HumanCellAtlas / data-store

Design specs and prototypes for the HCA Data Storage System (DSS, "blue box")
https://dss.staging.data.humancellatlas.org/
Other
40 stars 6 forks source link

Native cloud notifications #1176

Open dshiga opened 6 years ago

dshiga commented 6 years ago

Currently, the only option for receiving notifications from the data-store is via webhook callbacks. While that has some advantages, it would be very helpful if subscribers had the option to instead receive notifications via native cloud messaging services like Google Pub Sub or Amazon SQS.

This could be an attractive option for users because:

  1. Subscribers wouldn't have to deal with big spikes in notification rates by scaling up web services or lambdas, or by setting up and maintaining a queue.
  2. It would lower the barrier to entry for consuming blue box notifications, since the subscriber wouldn't necessarily have to set up and maintain a web service or lambda to listen for notifications.

In general, this method would help subscribers stay loosely coupled to the blue box. It would also reduce the burden on blue box for retrying failed notifications to subscribers.

We saw issues in a recent 1k bundle scale test where the secondary analysis service missed notifications because we had trouble keeping up with the rate at which notifications were sent. Moving to Pub Sub would remove this problem.
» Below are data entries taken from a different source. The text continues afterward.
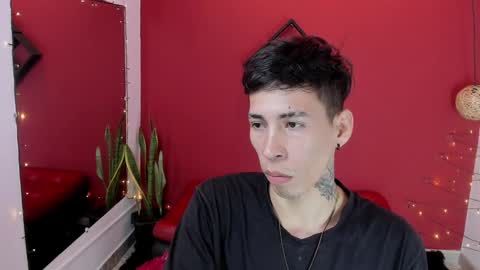 Gaara online show from 12.31.24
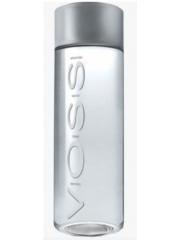 AGUA VOSS MINERAL*375 ML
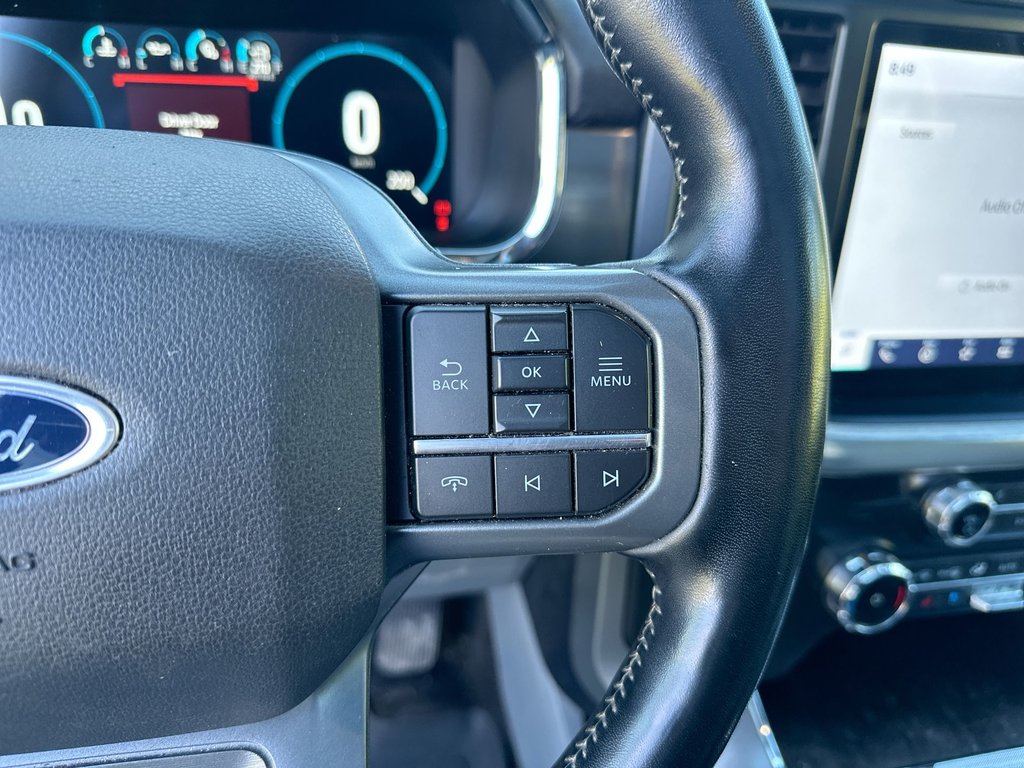 2022 Ford F-150 in Antigonish, Nova Scotia - 21 - w1024h768px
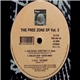 Various - The Free Zone EP Vol. 2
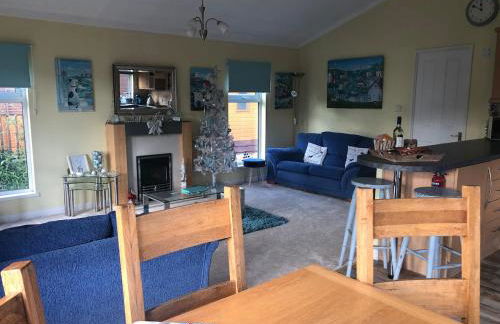 Lukes Lodge, where the fun begins, Woodland View, Hot Tub, dog friendly - Foto 57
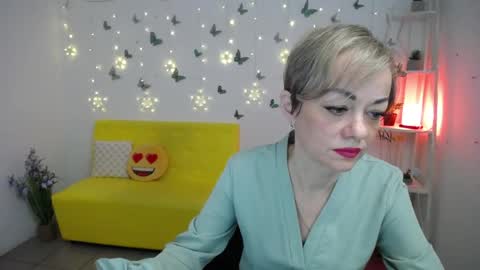 Nika online show from 05/09/26, 05:56
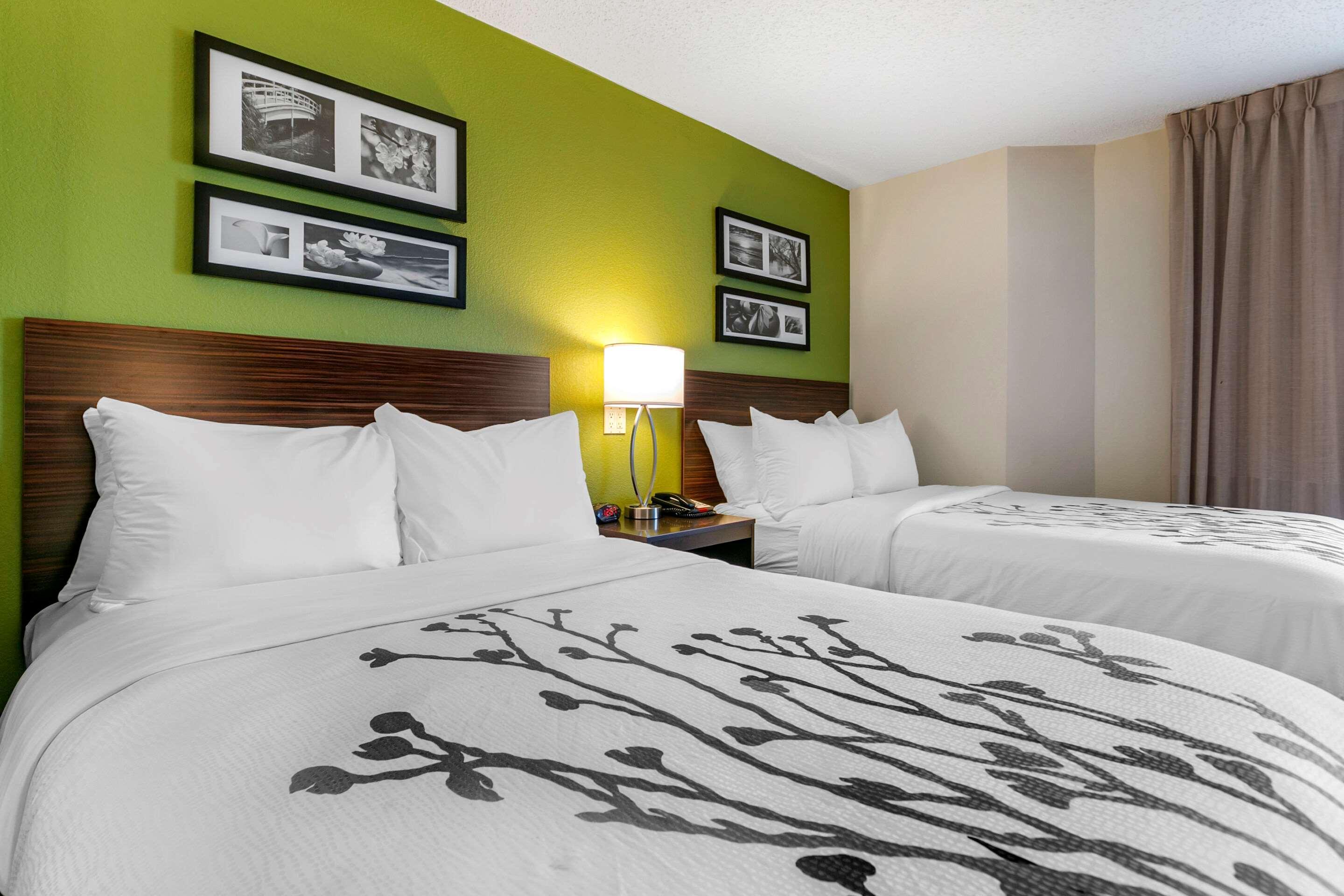 Sleep Inn Allentown-Fogelsville Exterior photo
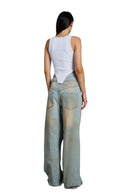 "Lucid" Jeans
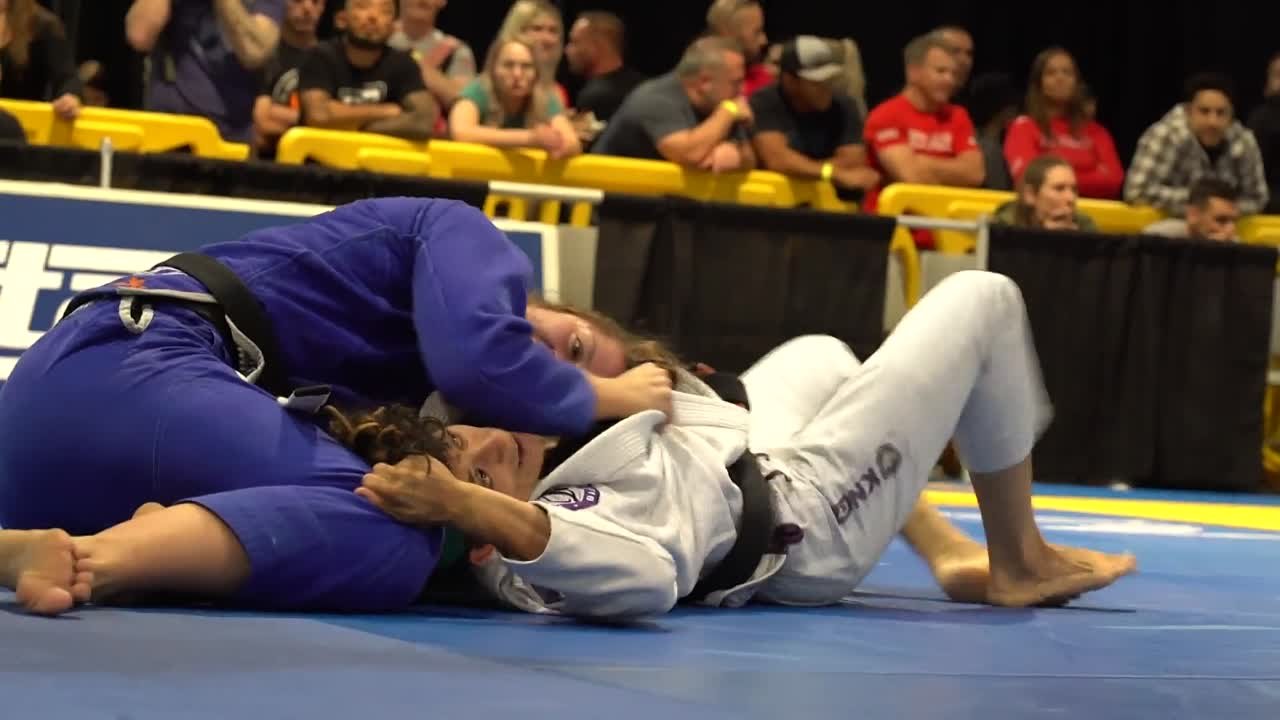 Loop choke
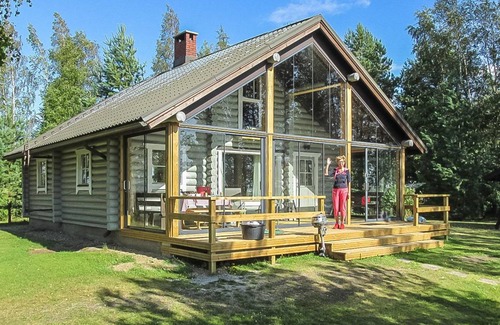 Asikkala House | 80 m² Apartment ∙ 1 bedroom ∙ 6 guests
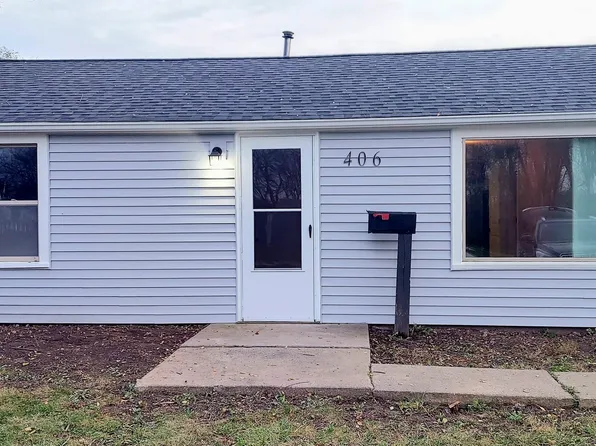 406 North Ave, Lockport, IL 60441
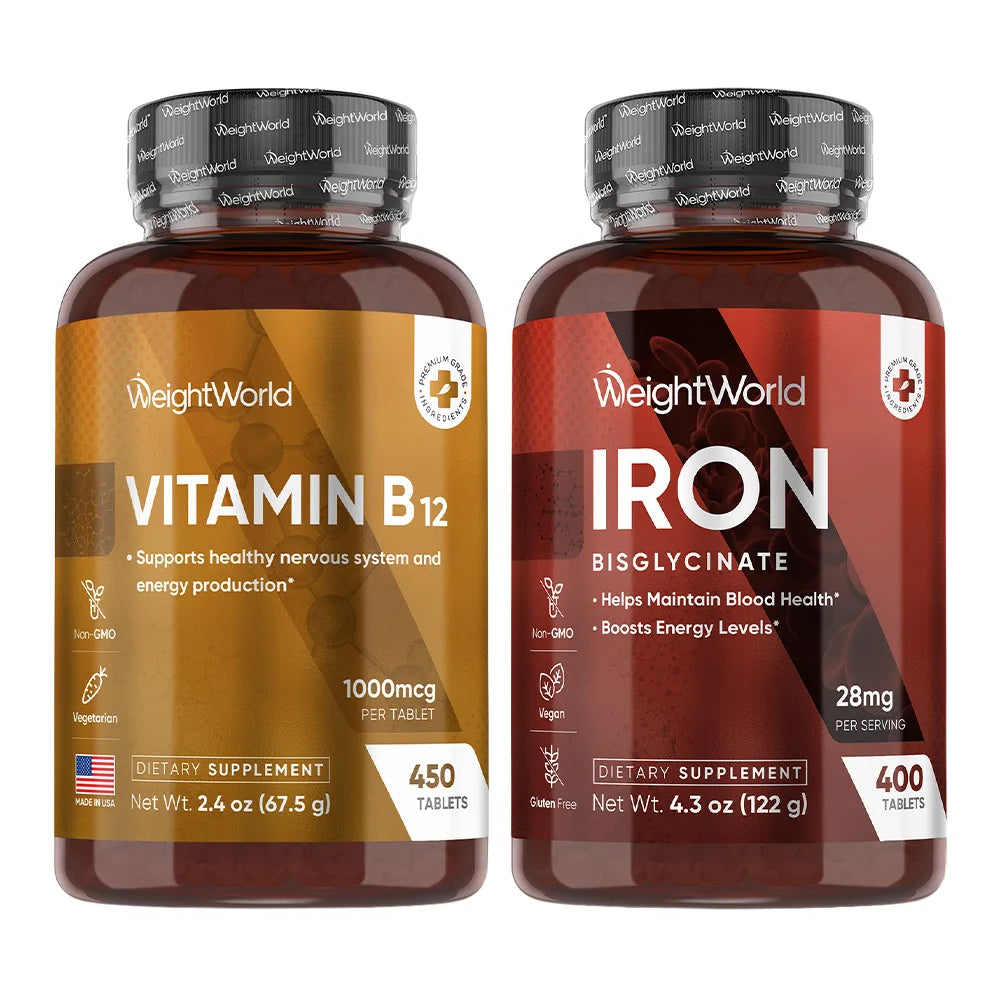 Everyday Energy Bundle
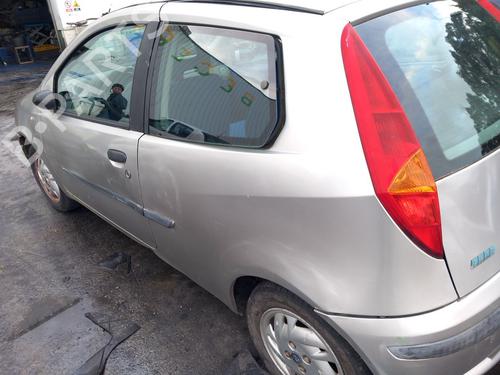 Steering column FIAT PUNTO (188_) 1.2 60 (188.030, .050, .130, .150, .230, .250) | BP31074175M21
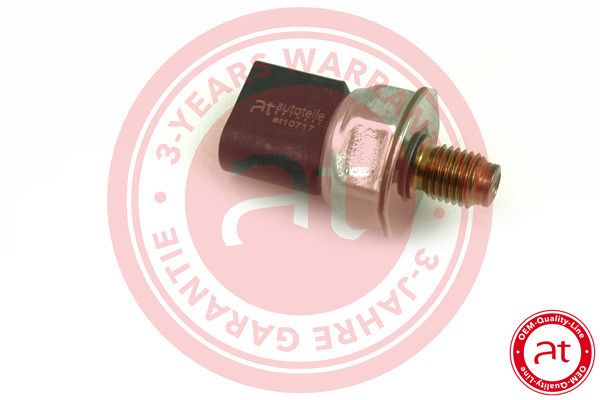 Sensor, fuel pressure VAG VWTouaregAUDIA4/A5/A6/A8/Q73.04.2Diesel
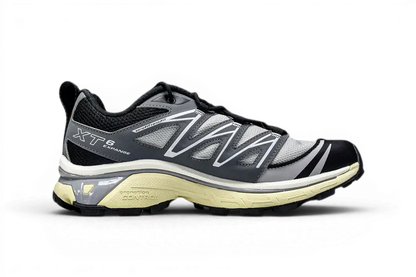 Salomon XT-6 Expanse Alloy Grey Quiet Shade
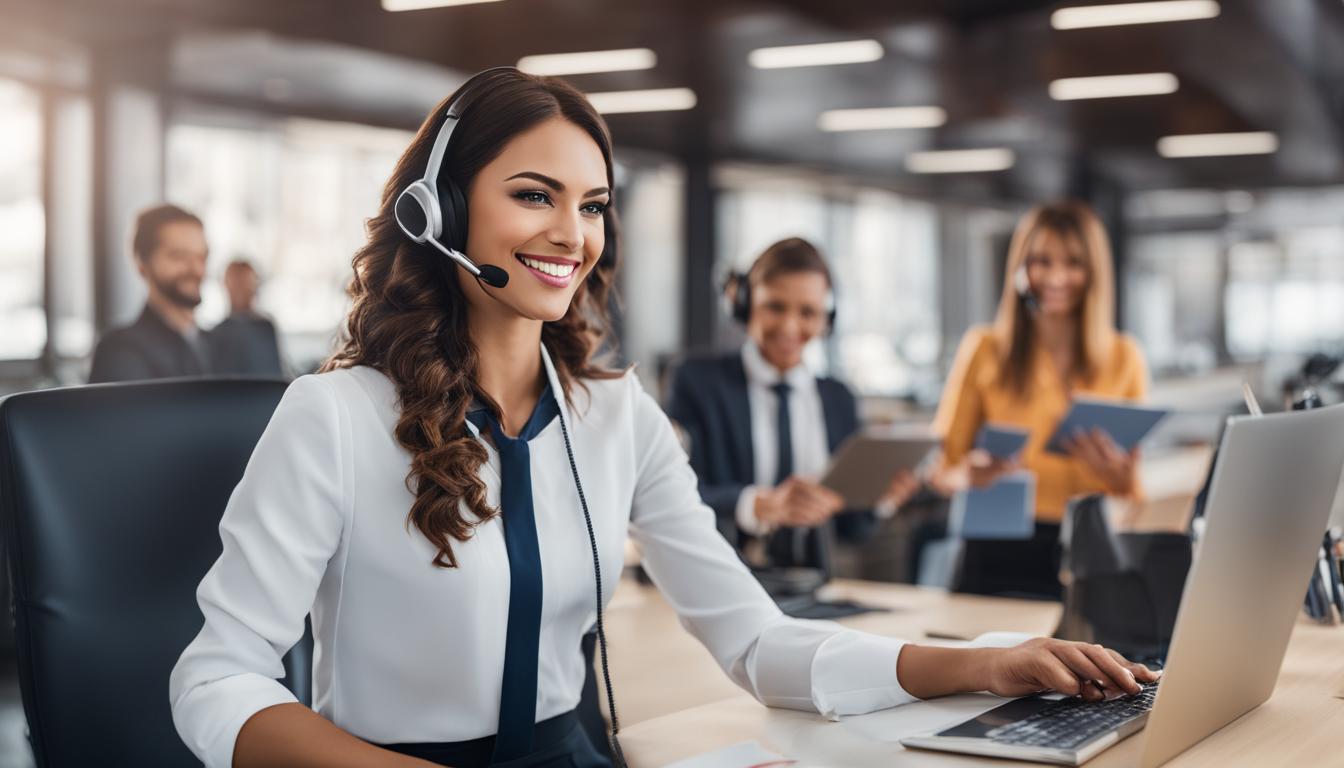 Call Answering Services in Bristol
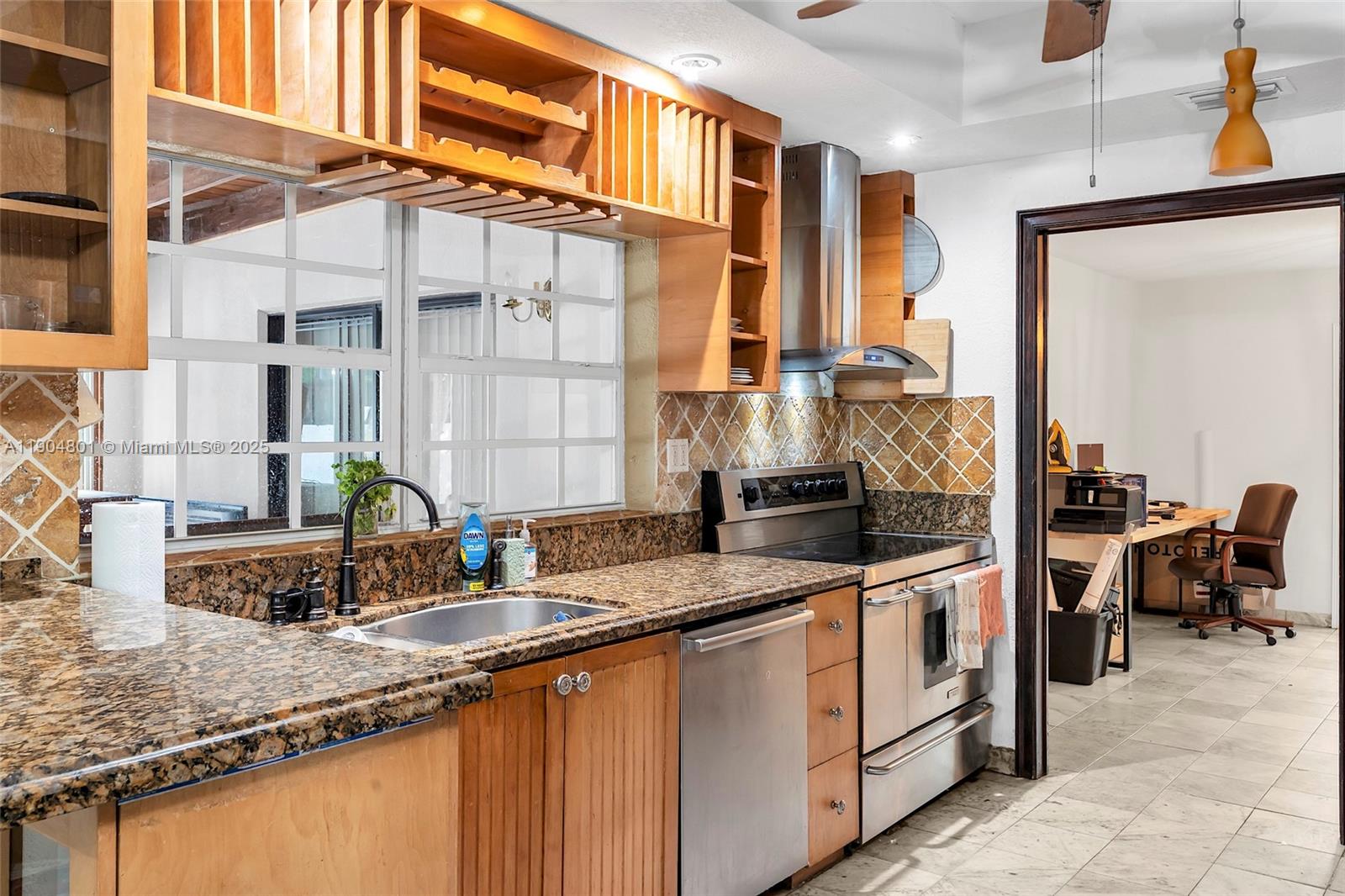 GABLES EDGE - Residential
I've also been asked whether Pub Sub is an option by others interested in consuming notifications from blue box.

hannes-ucsc commented 6 years ago

@dshiga, some of the issues you mention will be addressed by the upcoming reliable notifications PR. If the subscriber misses some of the notifications, Blue will retry with exponential back-off. As long as the subscriber 1) doesn't return 2xx when in fact it dropped the notification and 2) does return a 2xx if it did process the notification. During the 1000 run you mention, the numbers I ran indicate that Green broke rule 2: there were 160 or so 5xx codes but only 51 missed bundles.

It would also reduce the burden on blue box for retrying failed notifications to subscribers.

I think Blue is committed to support webhooks so therefore needs to manage our own queues for reliable notifications. Unless we can completely eliminate webhook support, the burden is not reduced by adding this feature.

However, let's say you're not happy with the semantics even after Blue merges reliable notifications and you would still like to use your own queues: I think we can get this feature almost for free, if we use signed POSTs against SQS. The signed URL will be the endpoint URL for the webhook. The reliable notifications PR improves the flexibility in configuring the webhook. You can chose between PUT and POST, JSON and form-encoded bodies. We use this internally for testing with signed S3 URLs as the webhook. A notification causes an object in S3 to be created. This should be possible with SQS, too, since it also supports signed URLs: http://boto3.readthedocs.io/en/latest/reference/services/sqs.html#SQS.Client.generate_presigned_url.

There maybe some minor technical details that need to be worked out. For example, we don't support GET as a method, or url-encoded bodies.

My recommendation is that we wait and see how the reliable notification feature improves the situation before committing to this.

hannes-ucsc commented 6 years ago

I don't think signed PUT/POST is going to work because they don't allow for varying payloads.

But again, let's see how reliable notifications improves the situation before we decide. It was merged last Friday but I had to back it out because it broke the CLI. I've since filed a replacement PR that addresses that. Hopefully it'll get merged today: #1178 and #1171.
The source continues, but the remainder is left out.